Un Lynch atipico, che abbandona il suo daimon fatto di ombre scolpite e senza nebbia, raramente codificabili e perciò materiale ideale per analisti, per approdare a una storia semplice.
Quella di Alvin, un 73enne malconcio che decide di andare a trovare suo fratello che ha avuto un infarto, e con cui non parla da 10 anni. Dato che vive in un altro Stato e non ha la patente, l’unico modo per farlo è inforcare un vecchio tosaerba e viaggiare per più di 300 miglia a un ritmo da cicloturista. Per dirla con Kavafis, Omero e Lucio Dalla è il viaggio (e non la meta) ciò che conta davvero; e in questo viaggio fatto di incontri, di stelle, di regali inaspettati, di silenzi e di lunghe pausa, Alvin scopre un mondo che non conosceva e lentamente si apre alla vita, proprio in quella stagione in cui ci si aspetta inesorabile un lento ritiro dal mondo.
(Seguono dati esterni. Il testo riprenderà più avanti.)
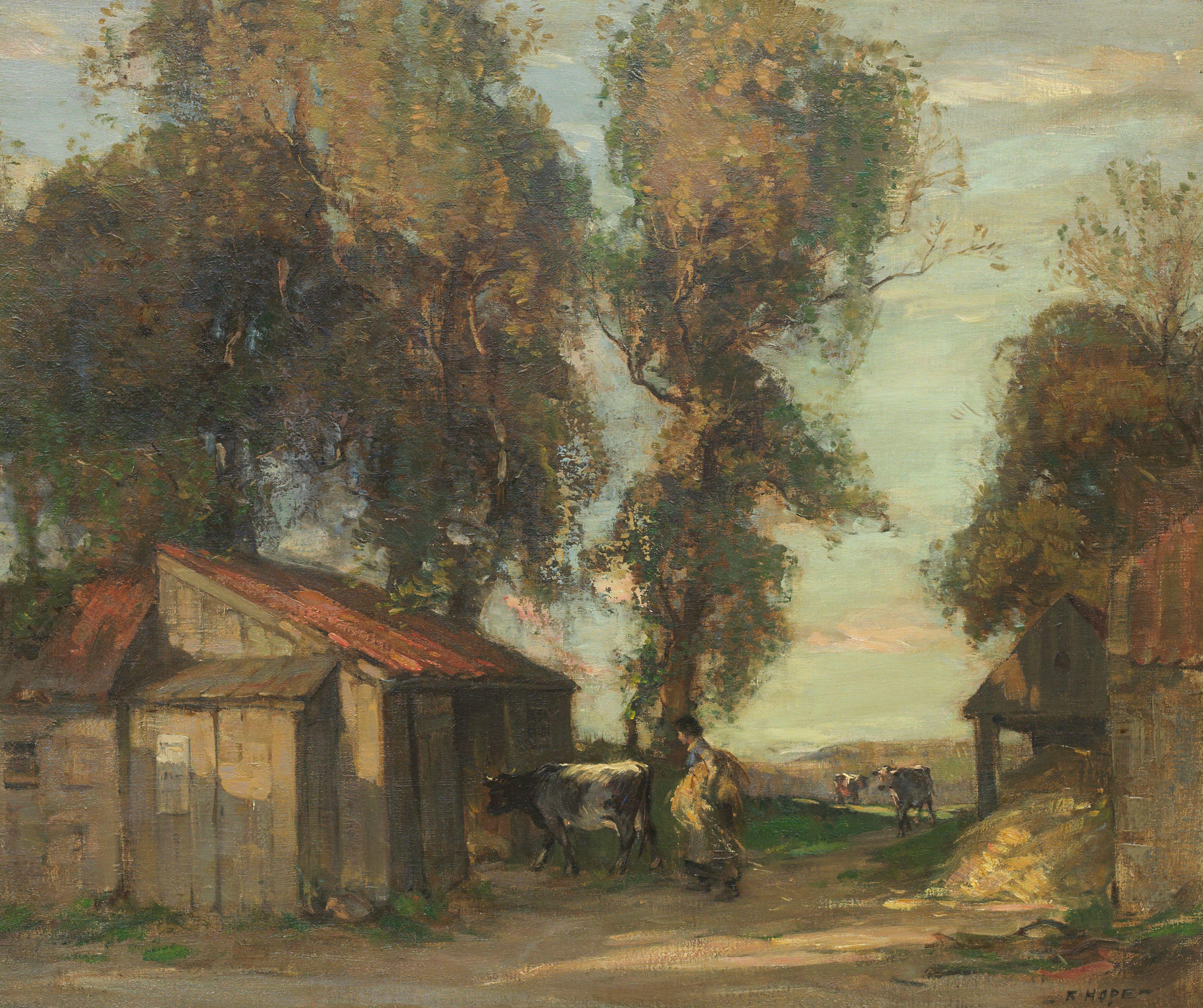 Robert Hope RSA - A farmyard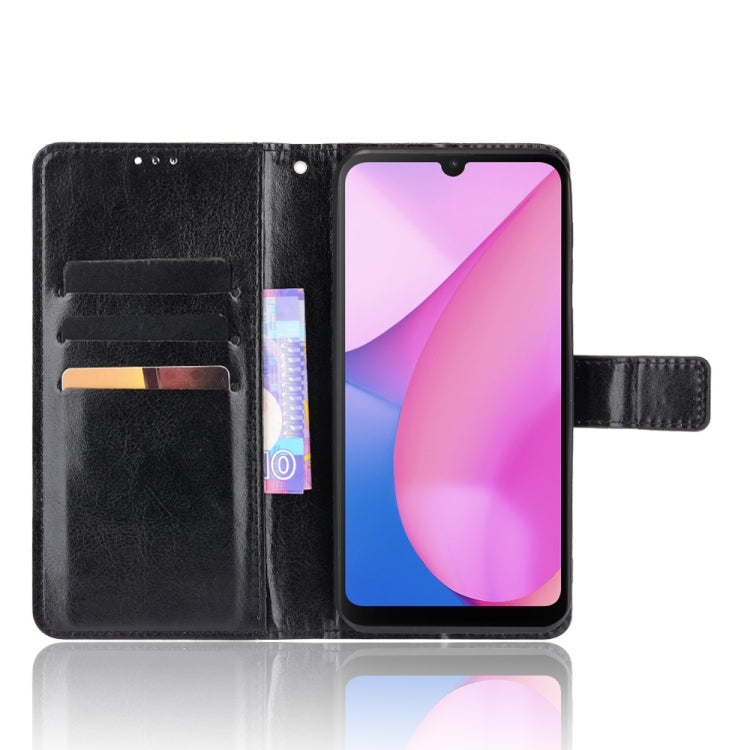 For Blackview Oscal C20 Crazy Horse Texture Horizontal Flip Leather Case with Holder & Card Slots & Lanyard(Black) - More Brand by PMC TechLife | Online Shopping South Africa | PMC TechLife | Buy Now Pay Later Mobicred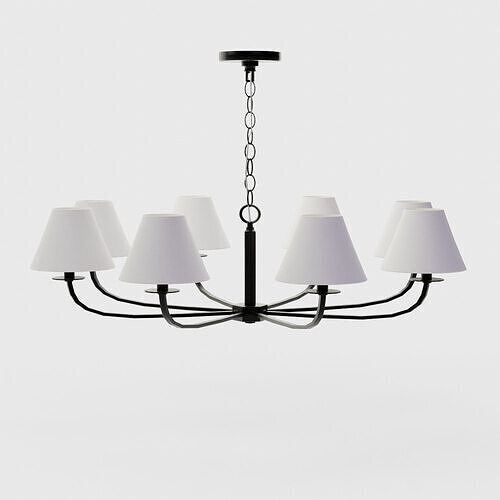 Cormac Chandelier Black and White 3D model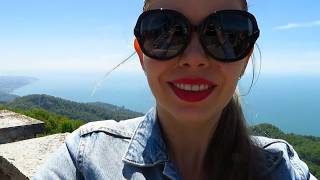 VLOG: УРА! БАШНЯ АХУН И ЯСНАЯ ПОГОДА 10.05.19 ВЛОГ Вид на Абхазию с птичьего полета  Адлер Сочи 2019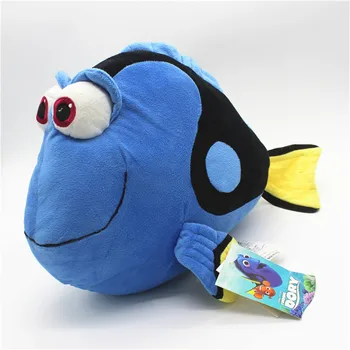 1piece 45cm=17.5 tommer enorm stor størrelse Dory de søde fisk Dory Anime Tegnefilm blød Plys legetøj for børn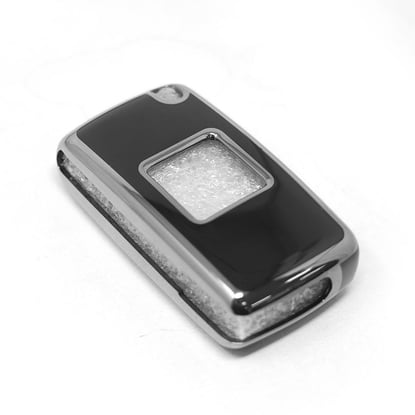 New-Aftermarket-Nano-High-Quality-Cover-For-Peugeot-Remote-Key-3-Button-Black-Color-Silver-Frame-PG-D11Y3---Emirates-Keys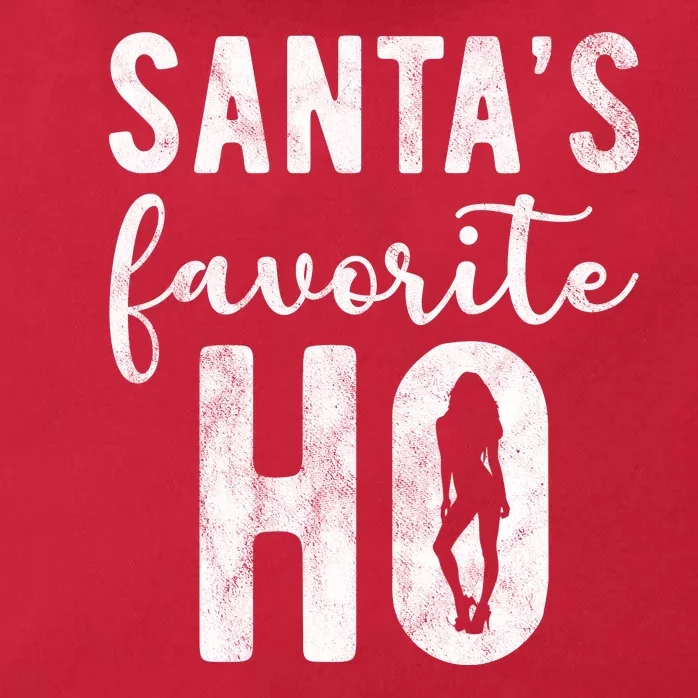 SantaS Favorite Ho Funny Xmas Christmas Zip Tote Bag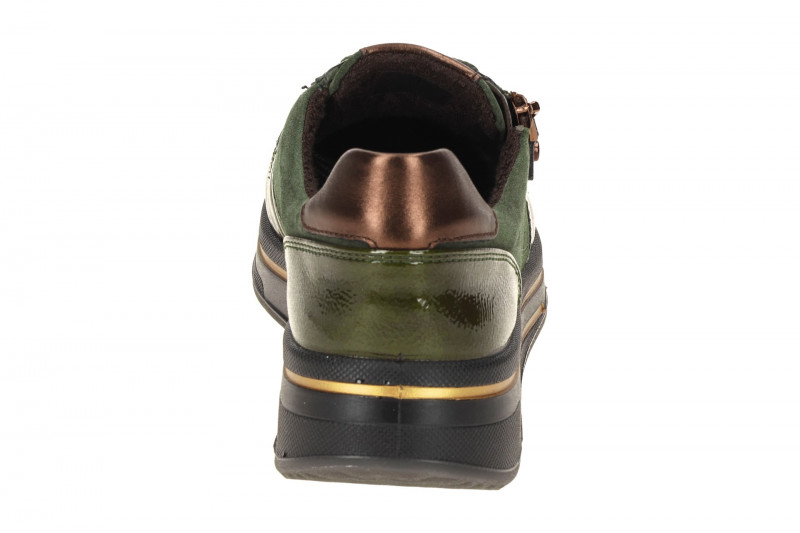 ARA Sapporo 3 Schuhe Sneaker grün metallic Lack 1227540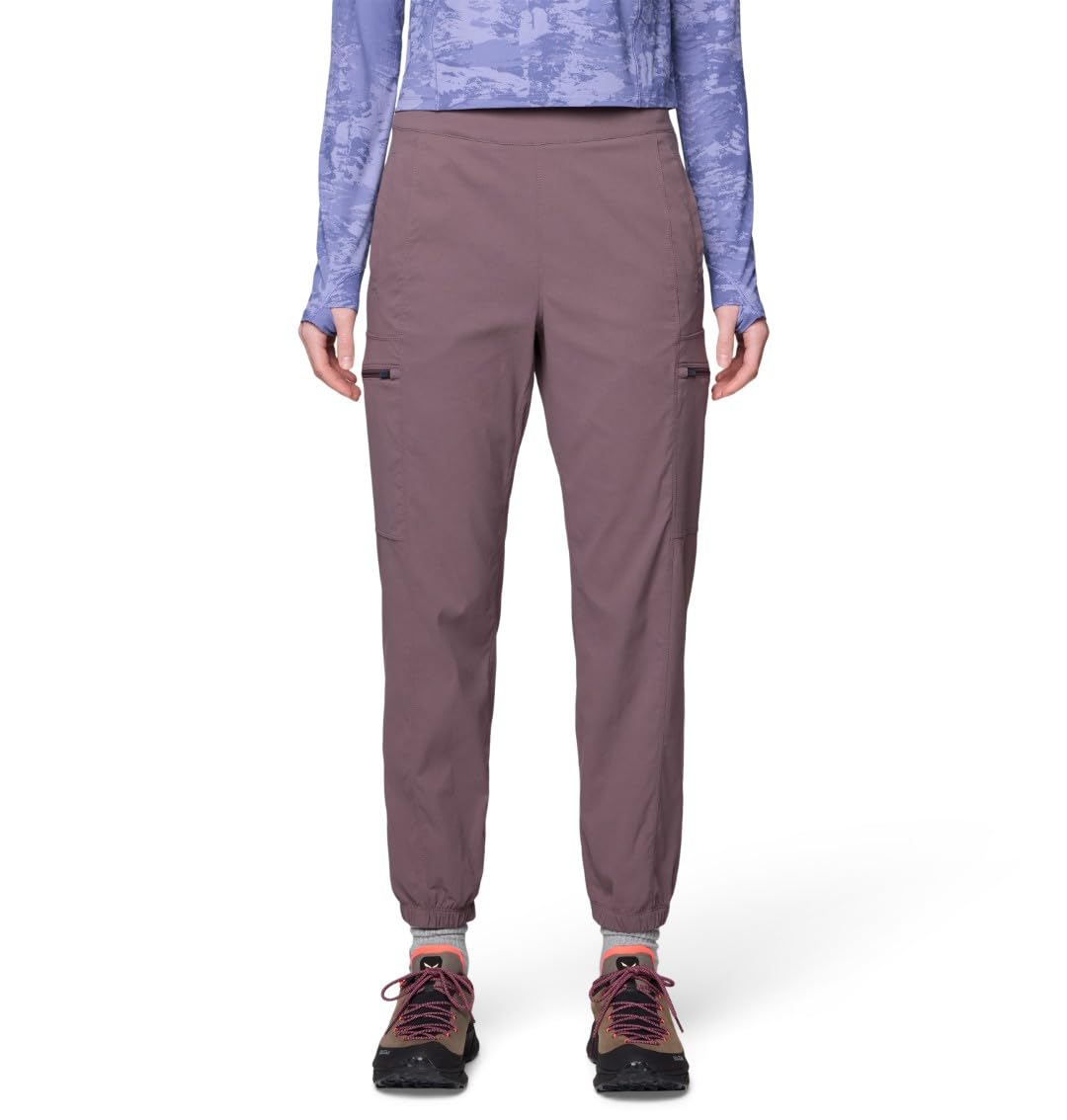 Mountain Hardwear Women's Dynama High Rise Utility Jogger Pants, Purple Sage, Large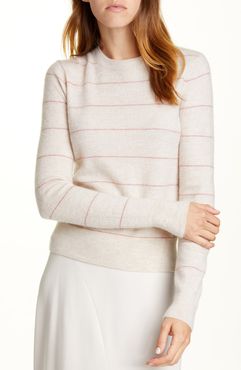 Vince Stripe Fitted Cashmere Crewneck Sweater at Nordstrom Rack
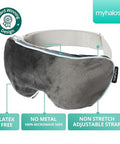 Myhalos ' Heated Eye Mask For Dry Eyes - Steam Warm Compress For Eyes - Remove Styes Chalazion Therapy Warming And Heating Pad Hot Compress - Moist Heat Mask For Blepharitis & Mgd - Fsa Hsa Eligible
Alvin invece il mondo lo attraversa, lo occupa con il suo corpo e i suoi pensieri, lo solca come la prora di una nave solca le acque che si richiudono dopo il suo passaggio. Sembra che nulla cambi, ma è in questo modo di affrontare il tempo, ripensare un rapporto ormai logoro, accettare il rischio di un rifiuto, che Alvin dà un senso al tempo che gli rimane. E’ un senso limpido, accessibile e pulito, quello da cui la narrazione di Lynch spesso si sottrae per esplorare – con grande talento, beninteso, ma scarsa attenzione per lo spettatore – altri mondi irrisolti. La luce di questo film è tutta nel raccontare come la vita di tutti i giorni, magari dopo una svolta inaspettata, presa per capriccio o per dovere, sia in grado di spalancarci oceani e offrirci un mezzo qualsiasi per navigarli. Il resto spetta a noi.